4. Now, add dummy variables for the style of house, as well as neighborhood. Use ranch as the baseline for the style. Additionally, add bathrooms and bedrooms to your linear model. Don’t forget an intercept. Use the results of your linear model to answer the last two questions below. Home pricess are measured in dollars, and this dataset is not real.

type_dummies = pd.get_dummies(df[‘style’])
df_new = df_new.join(type_dummies)
df_new.head()

lm3 = sm.OLS(df_new[‘price’], df_new[[‘intercept’, ‘B’, ‘C’, ‘lodge’, ‘victorian’, ‘bedrooms’, ‘bathrooms’]])
results3 = lm3.fit()
results3.summary()

 

Though python and R use 1, 0 encodings in the default functionality, there are many ways we might encode dummy variables. SAS is a common programming language that uses a different encoding than you have used so far. Being comfortable with the 1, 0 encodings is really all you need, but if you are curious about other encodings you can try out the quiz on the next page to see how this works.

 

Model Assumptions And How To Address Each

Here are the five assumptions addressed in the previous video addressed in Introduction to Statistical Learning:

  1. Non-linearity of the response-predictor relationships
  2. Correlation of error terms
  3. Non-constant Variance and Normally Distributed Errors
  4. Outliers/ High leverage points
  5. Collinearity

This text is a summary of how to identify if these problems exist, as well as how to address them. This is a common interview question asked by statisticians, but its practical importance is hit or miss depending on the purpose of your model. In the upcoming concepts, we will look more closely at specific points that I believe deserve more attention, but below you will see a more exhaustive introduction to each topic. Let’s take a closer look at each of these items.

Linearity

The assumption of linearity is that a linear model is the relationship that truly exists between your response and predictor variables. If this isn’t true, then your predictions will not be very accurate. Additionally, the linear relationships associated with your coefficients really aren’t useful either.
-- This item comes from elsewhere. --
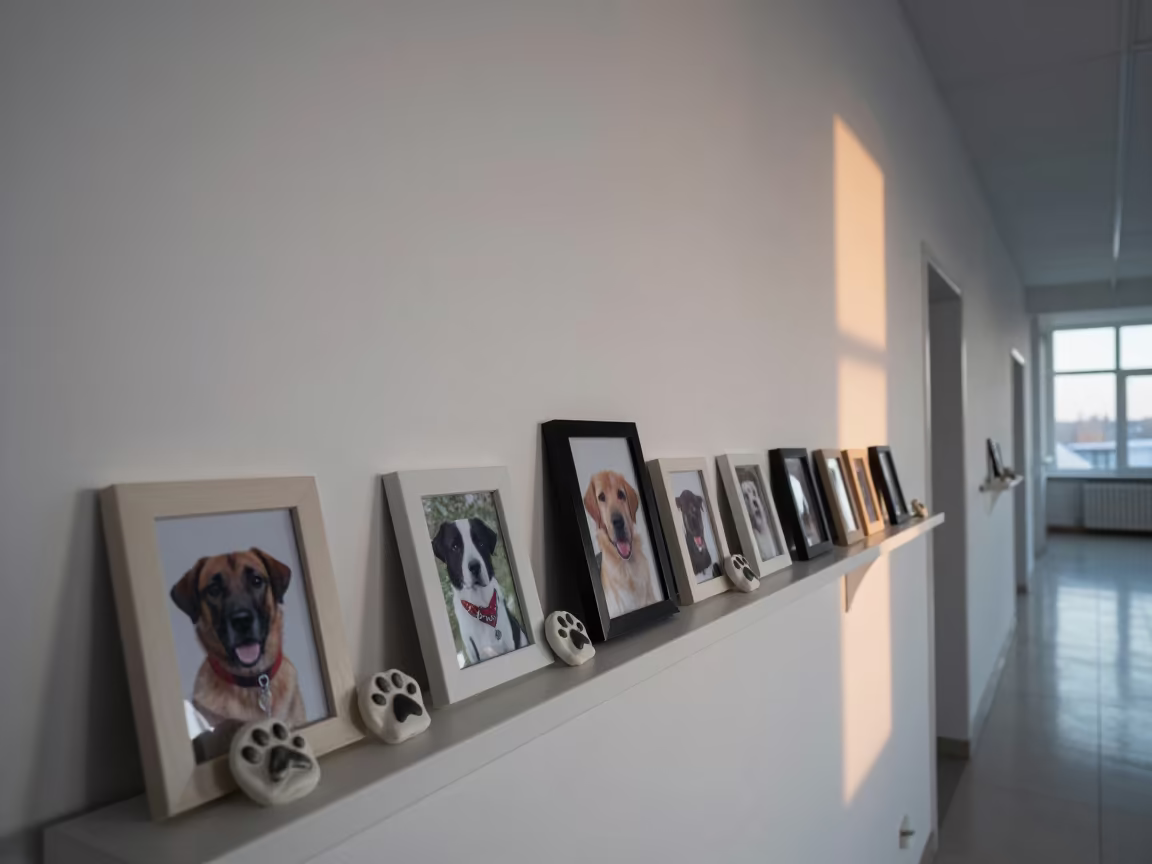 Pet Memorial Shelf in Abakan Kennel Corridor in in a boarding kennel corridor in Abakan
In order to assess if a linear relationship is reasonable, a plot of the residuals (y – \hat{y}) by the predicted values (\hat{y}) is often useful. If there are curvature patterns in this plot, it suggests that a linear model might not actually fit the data, and some other relationship exists between the predictor variables and response. There are many ways to create non-linear models (even using the linear model form), and you will be introduced to a few of these later in this lesson.
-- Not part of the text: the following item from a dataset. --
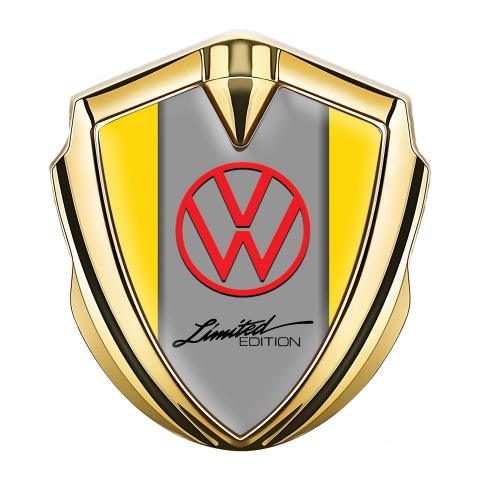 VW Domed Emblem Gold Yellow Sides Limited Edition Design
In the image at the bottom of this page, these are considered the biased models. Ideally, we want to see a random scatter of points like the top left residual plot in the image.

Correlated Errors

Correlated errors frequently occur when our data are collected over time (like in forecasting stock prices or interest rates in the future) or data are spatially related (like predicting flood or drought regions). We can often improve our predictions by using information from the past data points (for time) or the points nearby (for space).
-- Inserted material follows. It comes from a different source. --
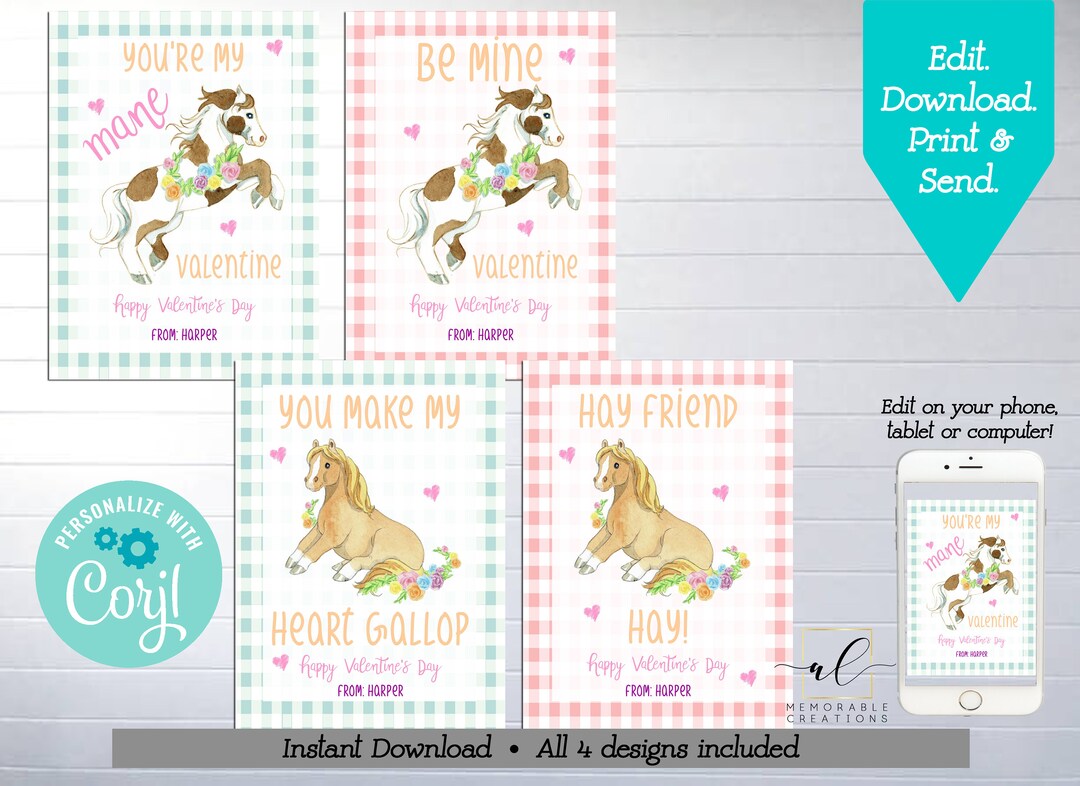 Horse Valentine Printable Cards, Editable Pony Valentines, Instant ...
The main problem with not accounting for correlated errors is that you can often use this correlation to your advantage to better predict future events or events spatially close to one another.

One of the most common ways to identify if you have correlated errors is based on the domain from which the data where collected. If you are unsure, there is a test known as a Durbin-Watson test that is commonly used to assess whether correlation of the errors is an issue. Then ARIMA or ARMA models are commonly implemented to use this correlation to make better predictions.

Non-constant Variance and Normally Distributed Errors

Non-constant variance is when the spread of your predicted values differs depending on which value you are trying to predict. This isn’t a huge problem in terms of predicting well. However, it does lead to confidence intervals and p-values that are inaccurate. Confidence intervals for the coefficients will be too wide for areas where the actual values are closer to the predicted values, but too narrow for areas where the actual values are more spread out from the predicted values.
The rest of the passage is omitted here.